# Form 1229 Consent to grant an Australian visa



## Phanom (Mar 14, 2013)

Hi all,

I am going though the process at the moment of Partner Provisional (subclass 309) visa for my wife and step daughter, I have submitted application, but have hit a little bit of an issue in regards to my wife's daughter.

DIAC case officer has asked us to get the father of the daughter to sign a form 1229 Consent to grant an Australian visa to a child under the age of 18 years.

Now the wife never married the childs father and she has not seen him and he has not wanted to see or support the the child since she was 3 months old (almost 3 years ago)

We supplied a Por Khor 14 from the local Government Office (Amphur), confirming that she has never married and under Thai law she has full custody of the child and they also don't recognise the father listed as the illegitimate father under Thai law.

Under Thai Law, if the parents of the child where not married at the time of birth the mother has automatic full custody of the child, and the father to get any custody or parental rights has to take the matter to court. The court will only give custody rights to the father if the mother agrees. If she doesn't its very difficult to get the court to give any custody rights to the father.

The Por Khor 14 is all that is required by the Thai Government to issue a passport and allow the child to leave Thailand, with out it you need permission from both parents (and they need to attended the passport office) and it was all that was required for the Australian Government to issue a Tourist Visa for the child.

Anyway when I questioned DIAC case officer on it, stating under Thai law that the father has no legal right over the daughter, and the Por Khor 14 meets the requirements as stated on their website and forms, so why do we need to get the fathers permission when he has no legal right to determine where the child lives and is not reconsigned as the illegitimate father.

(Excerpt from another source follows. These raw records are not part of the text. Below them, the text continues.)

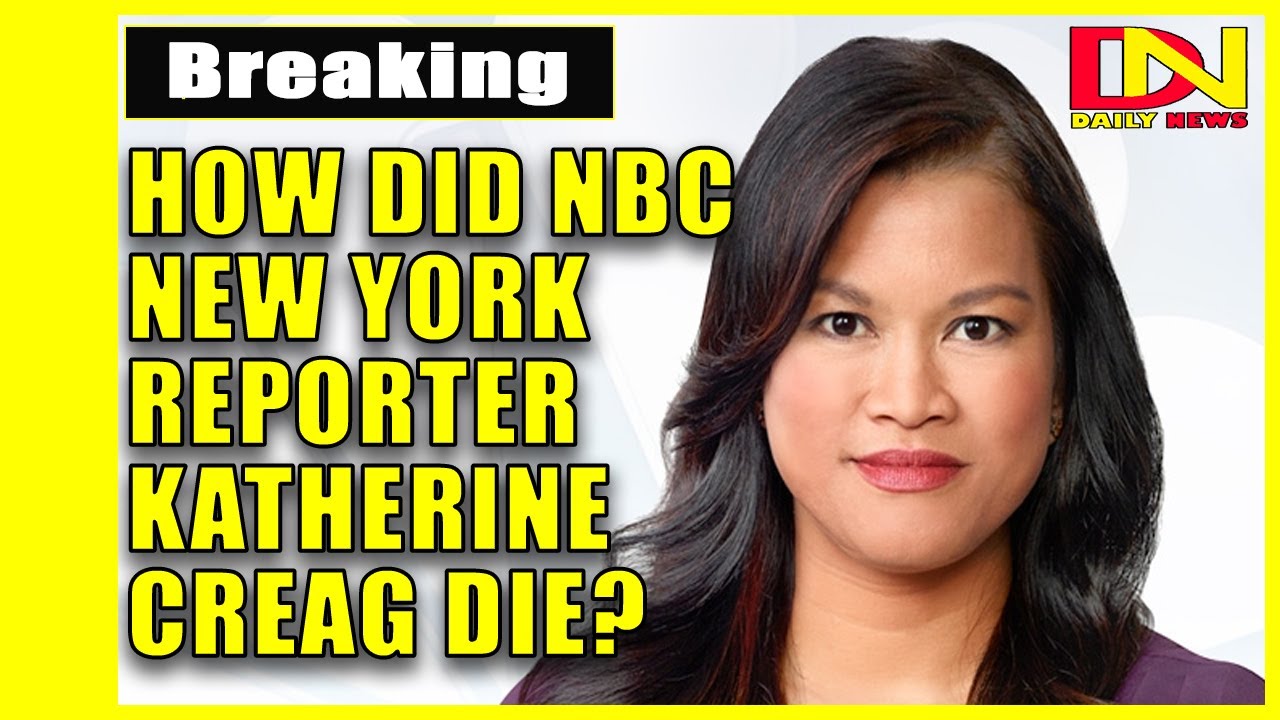 NBC New York reporter Katherine Creag dies suddenly at 47
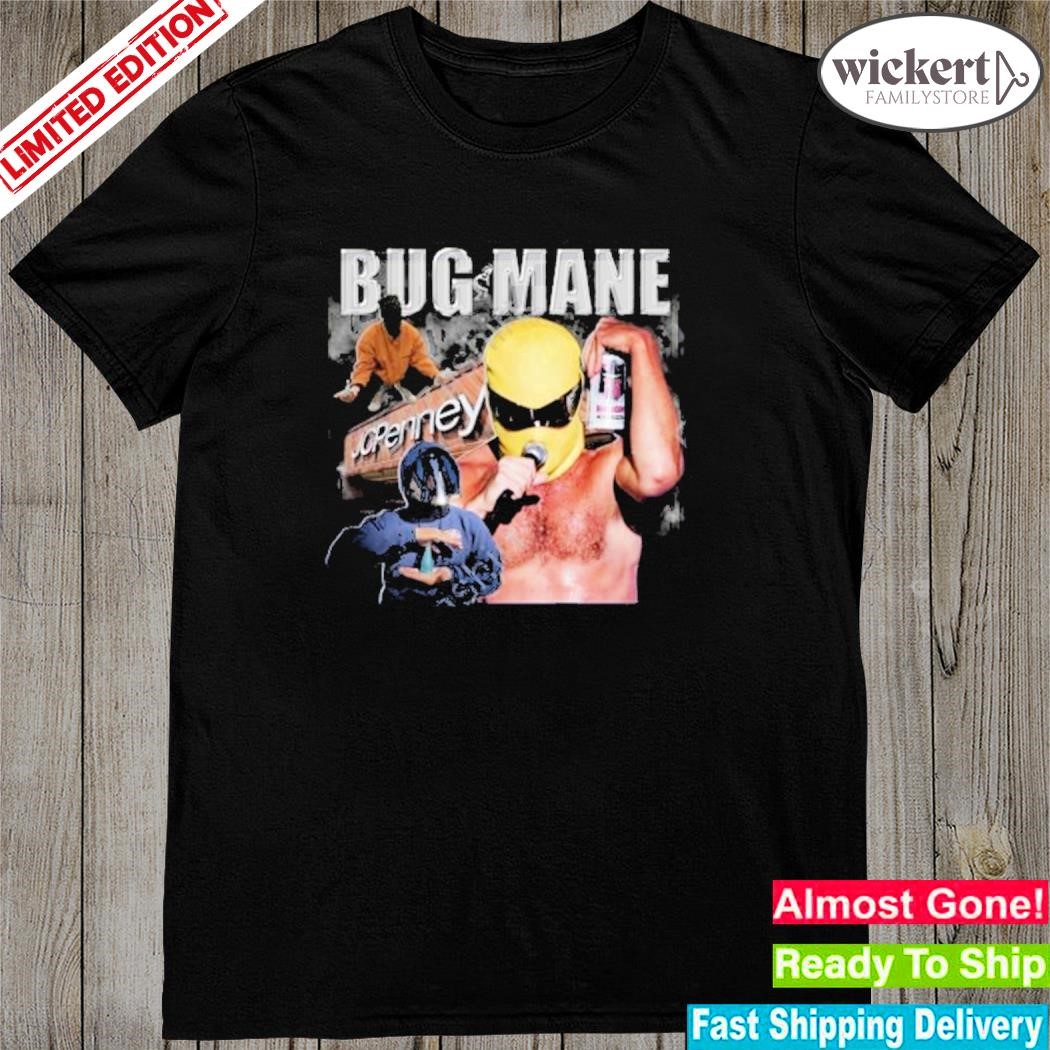 Official Bug Mane Jc Penney shirt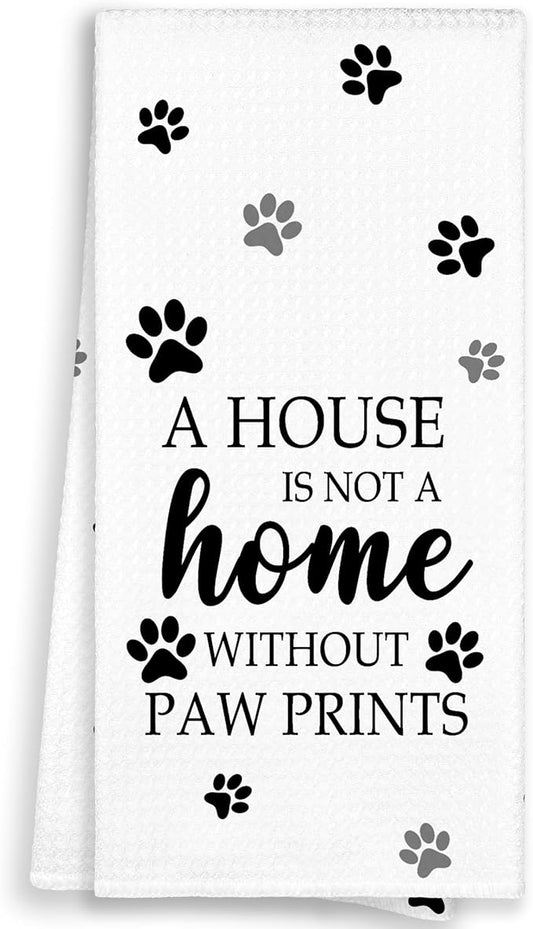 White Paw Farmhouse Kitchen Towels Decor Gifts for Women Pet Lovers, A House is Not A Home Without Paw Prints Decorative Bathroom Towels, Funny Dish Hand Towels for Kitchen Drying 16x24 Inch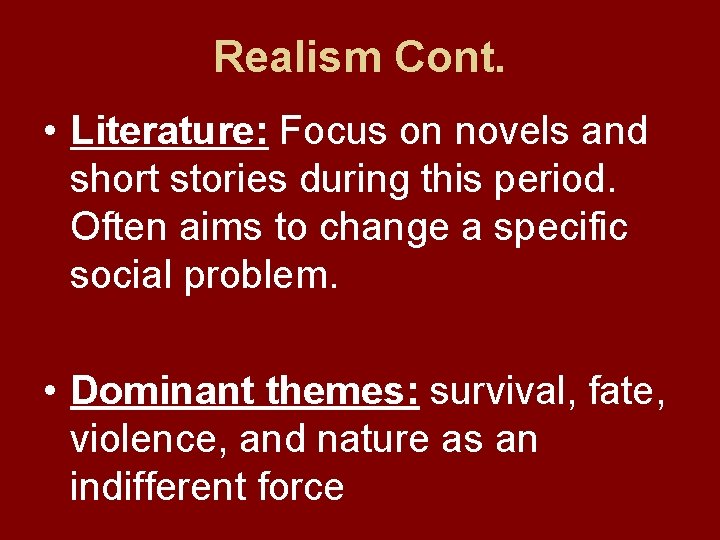 Realism Cont. • Literature: Focus on novels and short stories during this period. Often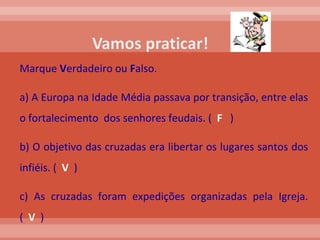Marque  V erdadeiro ou  F also. a) A Europa na Idade Média passava por transição, entre elas o fortalecimento  dos senhores feudais. (  F   ) b) O objetivo das cruzadas era libertar os lugares santos dos infiéis. (  V   ) c) As cruzadas foram expedições organizadas pela Igreja.(  V   )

I also included references to Thai law backing this up, as well as there own documentation.

I also asked what happens if I can't get the form signed .

DIAC case officers response was vague at best and didn't address anything I really asked, they said that _"due the case load they get its a post requirement that we supply a form 1229 completed by the father. However, occasionally, there are instances where the consent of the non-migrating parent cannot be obtained and the applicant is therefore requested to provide a statement outline the facts? and under special circumstances the deciding officer may not require it."_

Now we don't know where the father is, but we maybe could track him down though family if we had to, but he wouldn't sign the form anyway, out of spite.

Not sure what we should do has anyone else run it this sort of issue or have any suggestions?


----------



## MarkNortham (Dec 19, 2012)

Sounds like the father is a dead end - I would instead consider creating a formal statutory declaration describing the situation with as many statements of support and references to Thai law (perhaps from a Thai lawyer) as you can. Don't to it verbally - that's not going to get you anywhere with DIAC. It needs to be a formal submission with references to Thai law and the supporting statements.

Hope this helps -

Best,

Mark Northam


----------



## Phanom (Mar 14, 2013)

Thanks Mark, that is what we were thinking of doing. We just think its odd of DIAC to ask for additional consent when we have already supplied the custody documents stating the mother has full custody.

I have spoken to DIAC in Australia about it, and even they thought the request for consent was a bit odd given the law. They said the custody documents supplied should have been enough.

They said to do the Stat Dec and also to say to the case officer that if the visa is not going to be approved to let us know and we will withdraw the daughter from the application, so the wife's visa can be approved.

They said then apply for a Dependent Child Visa (Subclass 445), and deal with the issue then.

I am not sure if the case officer has looked at the application that well and that maybe is the issue, as they have asked us to supply answers to another couple of questions that were a bit odd, but already clearly answered in the application.


----------



## Phanom (Mar 14, 2013)

Just to update, my wife's and her daughters visa was granted without having to supply the signed consent. 

Just supplied a signed stat dec outline why we didn't supply the consent and included reference to Thai law to back up the sole custody.


----------